To protect business-critical data and systems from attack, many companies choose to have their internal systems hacked ‘ethically’, asking trusted IT security experts to identify vulnerabilities and strengthen system resilience in anticipation of future attacks.

The ‘success’ of social engineering attacks

While reliable system security is crucial, it can only ever be as good as the weakest link – and that’s where the human element comes in. It only takes 1 out of 100 employees to open an email attachment containing malware, or innocently divulge confidential information in response to a covert phishing attack, and the best protection in the world can be breached.

Social engineering has proved to be an extremely effective hacking technique, since it feeds off a number of human weaknesses and virtues, such as greed, vanity, authority, compassion, and helpfulness, among others. Did you know that 30% of phishing emails are opened by the target – an enormous ‘return on investment’ for the cybercriminal? Or that 70% of user credentials are stolen within the first hour of a successful phishing attack?

It makes eminent sense, therefore that in addition to using security penetration testing on your data systems, you should also be pen testing your staff.

What is social engineering penetration testing?

Rather than outfox a computer system, social engineering penetration testing relies on the techniques used by professional ‘white hat’ hackers to trick staff into revealing sensitive information or carry out actions that create real security holes, which the hacker can then easily exploit. This can be done both on-site and off-site.

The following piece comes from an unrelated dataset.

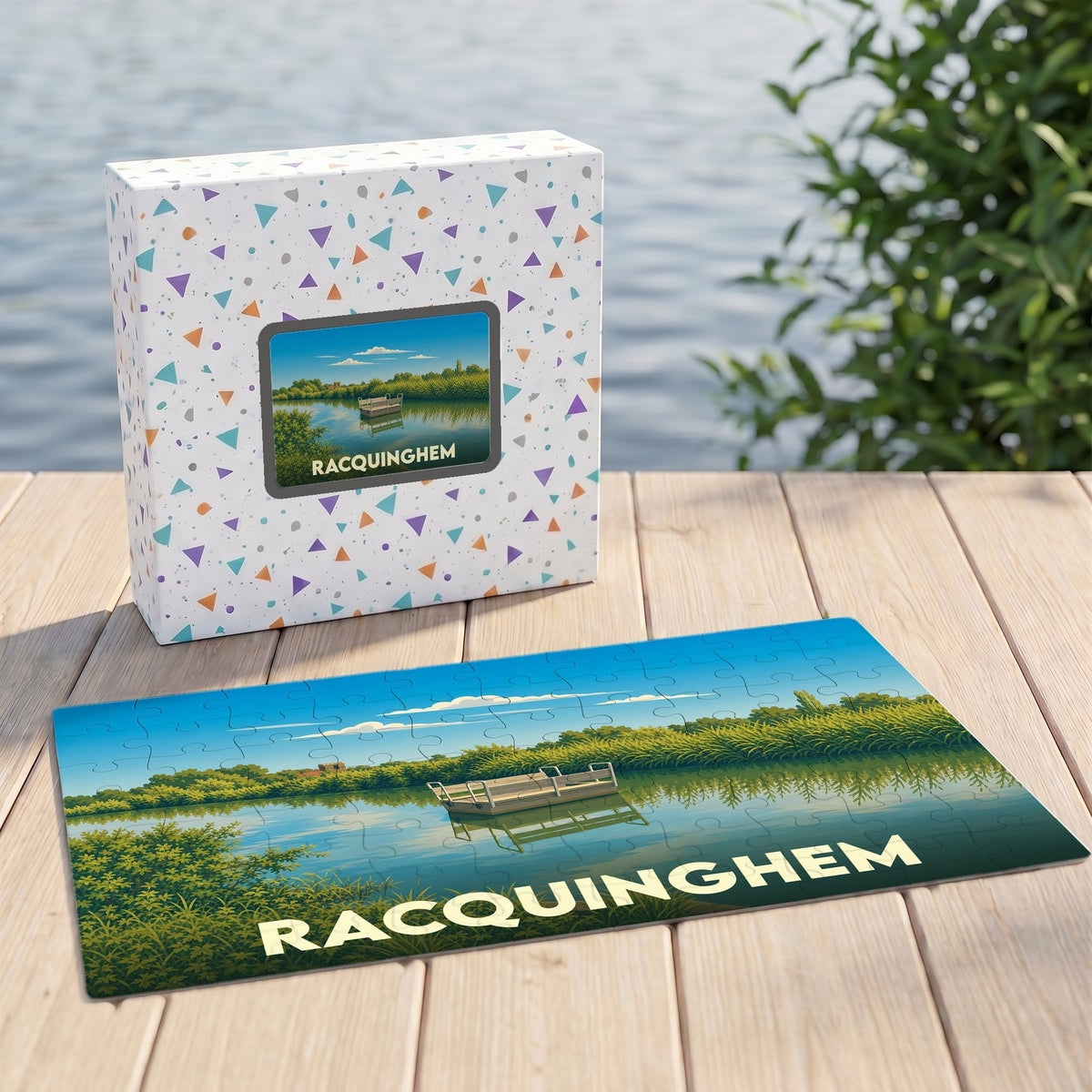 Puzzle souvenir de la ville de Racquinghem avec une illustration stylisée d'un plan d'eau.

Remote social engineering pen testing may start with passive reconnaissance missions to see how much valuable company information is available in the public domain. Data mining and gathering Open Source Intelligence can yield plenty of useful data such as site rank, primary language, IP address, nameserver, hosting history and site technology.

The next step to actively engage with employees to get them to disclose information that’s intended for internal use only. In the case of phishing, an ethical hacker can make contact by

  • Phone (aka voice phishing or ‘vishing’): An example would be a phone call to the helpdesk by someone pretending to be a legitimate user, eg. Stephen from HR, with the aim of fraudulently obtaining the password to Stephen’s account.
  • Email: An employee receives what looks like a bona fide email informing them about an urgent action they should take. Examples could be an alleged critical security update or data breach, a lottery win or tax refund. The link that must be clicked for action is a file containing malware, giving the hacker access to the target employee’s corporate account.
  • SMS (aka ‘smishing’): The target employee receives an innocent looking text message on their phone, with a malicious link that they are tricked into clicking, giving the hacker access.

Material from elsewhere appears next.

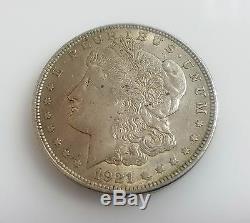 One Dollar E. PLURIBUS UNUM 1921 Morgan USA Silver Coin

Onsite methods for social engineering penetration testing centre around gaining physical access to the building or premises, and can be implemented using the following techniques:

  • Impersonating a member of staff, eg. by wearing company uniform and carrying an ID card (borrowed or fake), pretending to be a delivery person with a package for a restricted area, posing as a candidate for a job interview or a new recruit and borrowing a real ID card, or impersonating a tech support worker to gain direct access to the company’s IT network.
  • Reverse social engineering, where the ethical hacker first gains the employee’s trust by, say, posing as an IT security expert who gives advice on how to guard against suspicious emails. The target employee will then voluntarily seek out the help of the pen tester, happy to divulge corporate sensitive information without suspicion.
  • Dumpster driving – literally going through office wastepaper baskets to look for discarded printouts that might contain valuable confidential information that should have been shredded or otherwise securely disposed of.
  • Leaving physical honeypots (containing malware) to tempt employees, such as unidentified (or temptingly labeled) portable data storage media that will lure staff to run the content on corporate computers.
  • Eavesdropping (this works both onsite and offsite), by listening in to staff communication via VoIP phones without permission, using phone traffic interception.

What can your company learn from pen testing staff?

Social engineering is the human side of penetration testing for corporate network vulnerabilities. It is designed to test employees’ adherence to corporate security policies and practices. As an essential complement to more traditional pent testing methods, effective staff pen testing should identify important security weaknesses in terms of

  • The ease with which an intruder could convince staff to break security rules, divulge information or provide access to sensitive data
  • The employee’s (lack of) awareness and knowledge of corporate security protocols and company policies
  • Urgent need for enhanced security training throughout the workforce, updated corporate policies, and protocols
  • Education and policies around the handling of sensitive data, including secure storage, authorized communication, and safe disposal.